On Tuesday we, my wife and I, went to the INM and they told us to wait to apply for my Residencia Permanente status and come back on the first week of January when the new laws and rules are in place. They also said there will now be no out of the country travel restrictions. The cost will be $7,040.00 pesos for 4 years. There is no pressure to not stay on a Residencia Permanente visa and become a citizen. It will be fast and no finanacial statements are required.


----------



## TundraGreen (Jul 15, 2010)

AlanMexicali said:


> On Tuesday we, my wife and I, went to the INM and they told us to wait to apply for my Residencia Permanente status and come back on the first week of January when the new laws and rules are in place. They also said there will now be no out of the country travel restrictions. The cost will be $7,040.00 pesos for 4 years. There is no pressure to not stay on a Residencia Permanente visa and become a citizen. It will be fast and no finanacial statements are required.

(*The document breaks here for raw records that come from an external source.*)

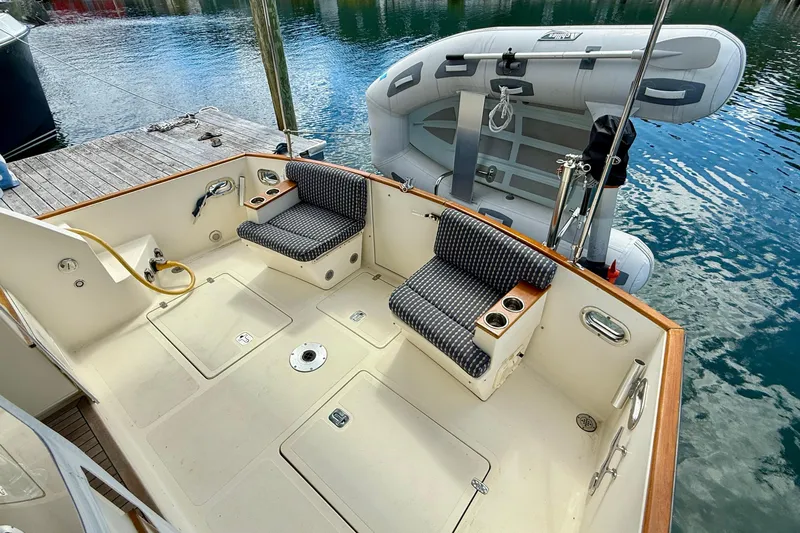 Tova Yacht Photos Pics 2007 Legacy Yachts 32 Sedan cockpit with seating and docked inflatable boat.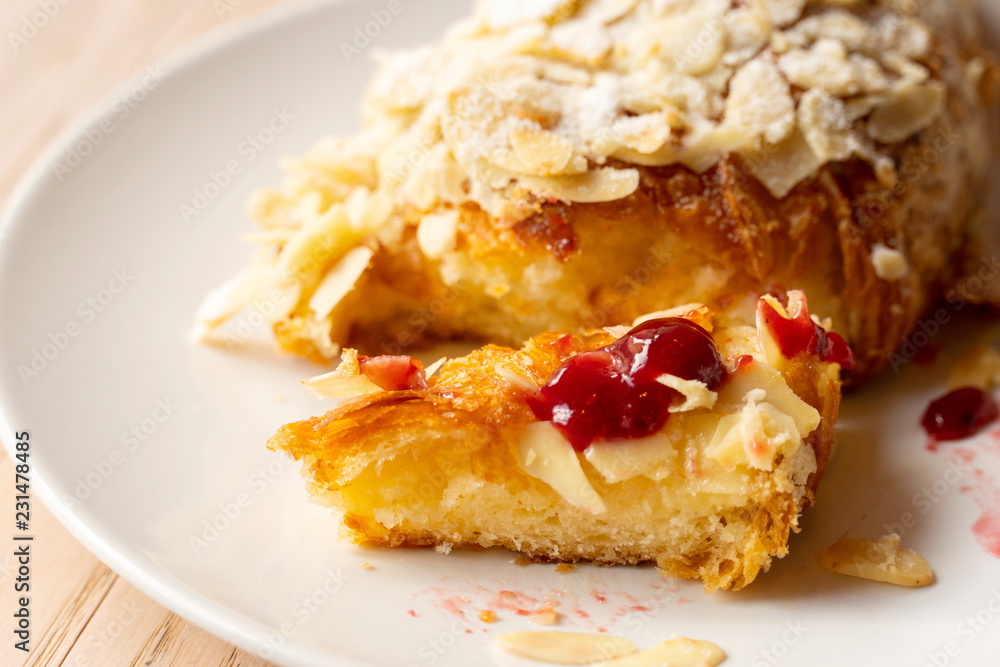 croissant bread with strawberry jam and nut on white dish for food croissant bread with strawberry jam and nut on white dish for food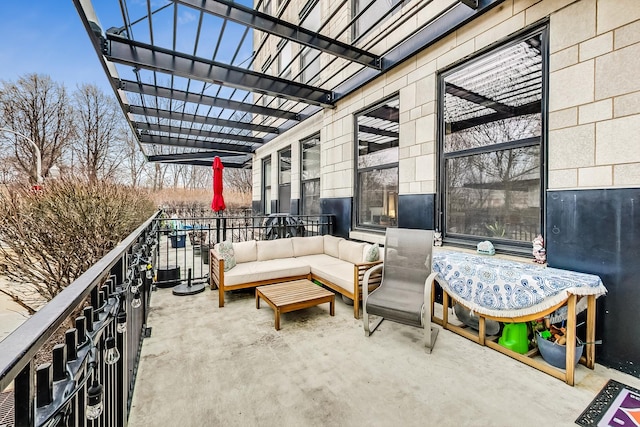 view of patio with an outdoor living space, a balcony, and a pergola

Sounds great, but I will believe it for Guadalajara when INM here says the same. Fortunately, my visa doesn't expire until March so I have a few months for things to settle down.


----------



## sparks (Jun 17, 2007)

esteban4444 said:


> I have been told that a mexican FM3 takes 4 weeks to complete from contact in PV.
> So either I have to stay in PV 4,5 weeks or make two trips. I have a condo in PV but live in US. On this board I keep reading its only a few days process. If that is true I would have done it already. Has anyone got there FM3 ( not renewal) recently and is it only few days. What service did you use ? I cannot write or speak spanish well.
> 
> thanks


Why do you want an FM3 if staying a month is a problem. Remain on a tourist visa and keep it simple


----------



## sparks (Jun 17, 2007)

AlanMexicali said:


> The cost will be $7,040.00 pesos for 4 years.

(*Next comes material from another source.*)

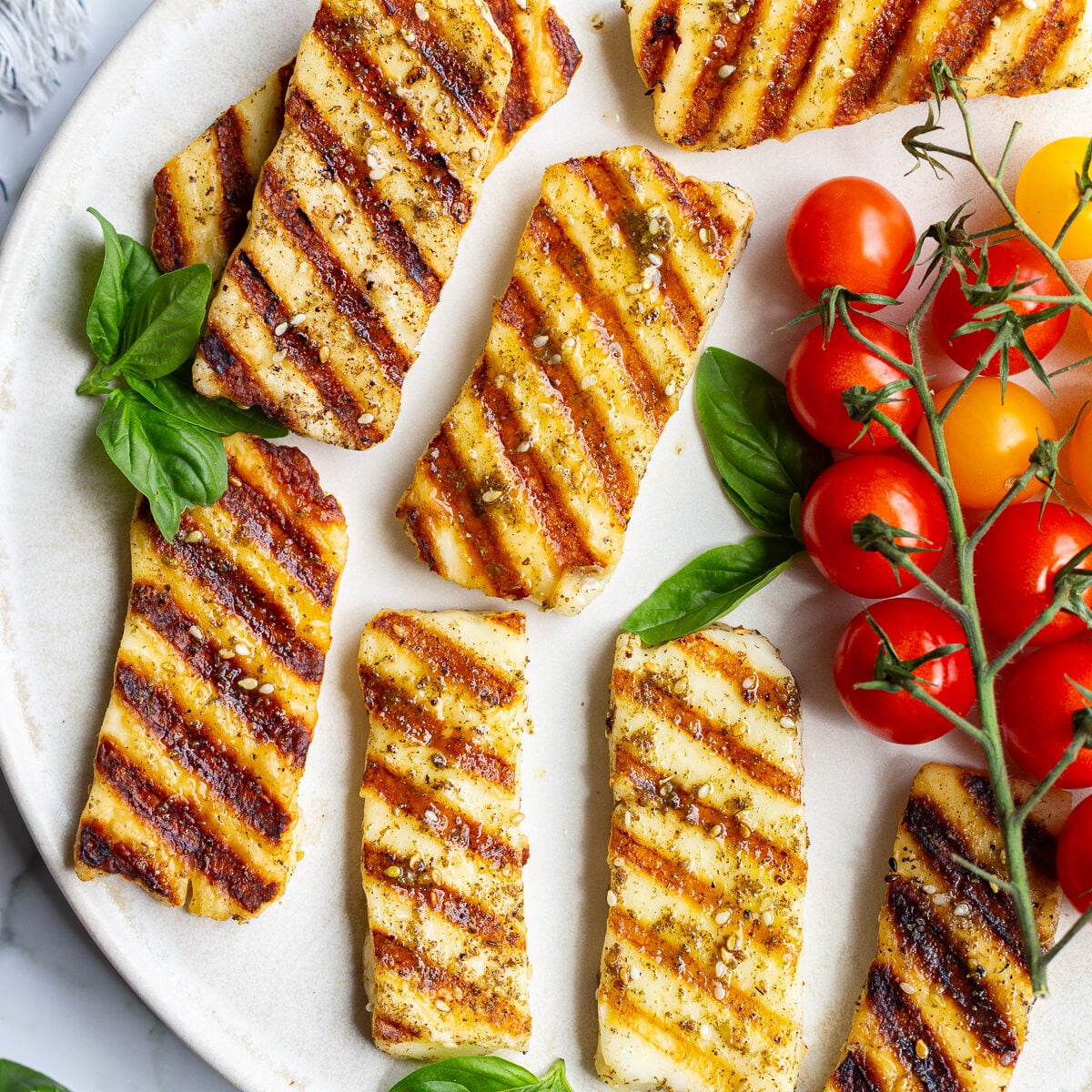 Grilled halloumi slices with golden grill marks arranged on a plate with fresh basil leaves and cherry tomatoes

Why would a residente permanente card be for 4 years. Sounds more like temporal


----------



## AlanMexicali (Jun 1, 2011)

sparks said:


> Why would a residente permanente card be for 4 years. Sounds more like temporal


No, they stated the fees for 1 to 4 years and it was clear it is a residente permanente. the maximum for now is 4 years before renewing and the most important thing I found out is they have no more travel out of the country time restrictions.


----------



## sparks (Jun 17, 2007)

The temporary resident visa will be valid for one hundred and eighty calendar days with a single entry. The applicant must apply for the resident card within the first thirty calendar days after their entry into Mexico. After 4 years with the temporary resident visa, the applicant can apply for the permanent resident visa.

The fee for this visa is:

◦Up to one year: $3,130 pesos
◦Up to 2 years: $4,690 pesos
◦Up to 3 years: $5,940 pesos
◦Up to 4 years: $7,040 pesos
----------------------
The permanent resident visa will be valid for one hundred and eighty calendar days with a single entry. The applicant must apply for their resident card within the first thirty calendar days after his or her entry into Mexico. 

The fee for this visa is $3,815 pesos.

New Immigration Laws 2012-Yucatan Expatriate Services |Yucatan Expatriate Services


----------



## joaquinx (Jul 3, 2010)

sparks said:


> Why do you want an FM3 if staying a month is a problem. Remain on a tourist visa and keep it simple


My question too. Why the need for a FM3 type visa?


----------



## rosiethinks (Oct 20, 2012)

This has been something that's been a giant, nagging question mark for me. I'm married to a Mexican, we have 2 children (my son was born in Mexico, my daughter in the US, but we will register her with the Mexican consulate here). We plan on moving to Mexico in January, and the _solvencia economica_ issue is really bothering me. Does anyone know if and how the requirements are going to change? I'm the only one who will need a visa, but with the new regulations I have NO IDEA how we should prepare for applying for it. The previous financial requirements under the _dependiente economica_ seem awfully high.


----------



## esteban4444 (Oct 19, 2012)

Thank you , I will plan at trip in early 2013. Can I do it my self at the INM or do I need to know Spanish?


----------



## circle110 (Jul 20, 2009)

rosiethinks said:


> This has been something that's been a giant, nagging question mark for me. I'm married to a Mexican, we have 2 children (my son was born in Mexico, my daughter in the US, but we will register her with the Mexican consulate here). We plan on moving to Mexico in January, and the _solvencia economica_ issue is really bothering me. Does anyone know if and how the requirements are going to change? I'm the only one who will need a visa, but with the new regulations I have NO IDEA how we should prepare for applying for it. The previous financial requirements under the _dependiente economica_ seem awfully high.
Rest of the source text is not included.